Il a probablement eu un mélange – ou plutôt un précipité – de certitude de son talent visionnaire et de faible estime de soi. Souveraineté de qui se sait et s’avoue petit, et qui pourrait arriver à quelque chose par le travail. « Je suis petit/tu es petit », dit le roman de Houellebecq. Cette égalité choque, car les lecteurs français sont habitués à ce que l’auteur lui dise: « Tu es petit/je suis grand » (par mon style, mes fortes pensées, mon statut d’intellectuel, mon éditeur prestigieux), ou alors « je suis petit/tu es grand » (grand lecteur, tu veux de la baise, de l’émotion politiquement correcte, du grand amour, c’est toi qui décides, en voilà, moi je suis là pour fournir). Mais « ensemble, nous sommes de la merde », ça, c’est un véritable scandale démocratique, une explication d’égal à égal qui a quelque chose d’une usurpation de pouvoir littéraire. Ce que saint Augustin a fait pour l’édification chrétienne – avouer – Houellebecq le fait à travers la littérature, pour ses contemporains mécréants.
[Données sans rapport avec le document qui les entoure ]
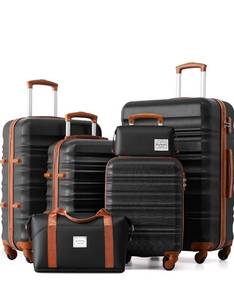 lot 17602 image: LONG VACATION Luggage Set 6 Piece Luggage ABS hardshell TSA Lock Spinner Wheels Luggage Carry on Suitcase (BlackBrown, 6 piece set) - Retail $189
Il y avait longtemps qu’elle nous emmerdait, avec ce spectacle improbable où se mêlaient des fulminations dogmatiques et des concours de patinage artistique, dont elle avait perdu elle-même le sens et le contrôle. On avait besoin d’un miroir. L’image reflétée de cet étron m’intéresse ; c’est la version contemporaine du crâne à poser sur sa table de chevet.146047493
C’est pourquoi le procès en imposture fait à Houellebecq est comique. L’imposture, c’est de nous dire d’avance ce que la littérature doit dire (la morale), alors qu’elle est faite pour dire ce qu’elle ne doit pas dire (ce que nous sommes). Elle a le scandale dans son moteur, elle déchire le voile du temple par vocation. Un grand roman est une mauvaise surprise. Les Liaisons dangereuses tuent l’aristocratie qui règne. Illusions perdues déboute la bourgeoisie qui va régner. Le Guépard ridiculise l’Histoire. Madame Bovary se moque des femmes, au moment où elles vont tout rafler. Bernanos avorte les robots qui vont nous remplacer. Houellebecq flingue cette classe moyenne qui donne à la société française ses caractères actuels, effectivement insupportables ».
Marin de Viry, « Pourquoi le courage? », Cahier de L’Herne Michel Houellebecq, Éditions de L’Herne, 2017. LNRSP (livre numérique reçu en service de presse)

*et nous fait oublier le pesant sérieux du ravi de la crèche Michel Onfray (« L’absolue singularité. Miroir du nihilisme »).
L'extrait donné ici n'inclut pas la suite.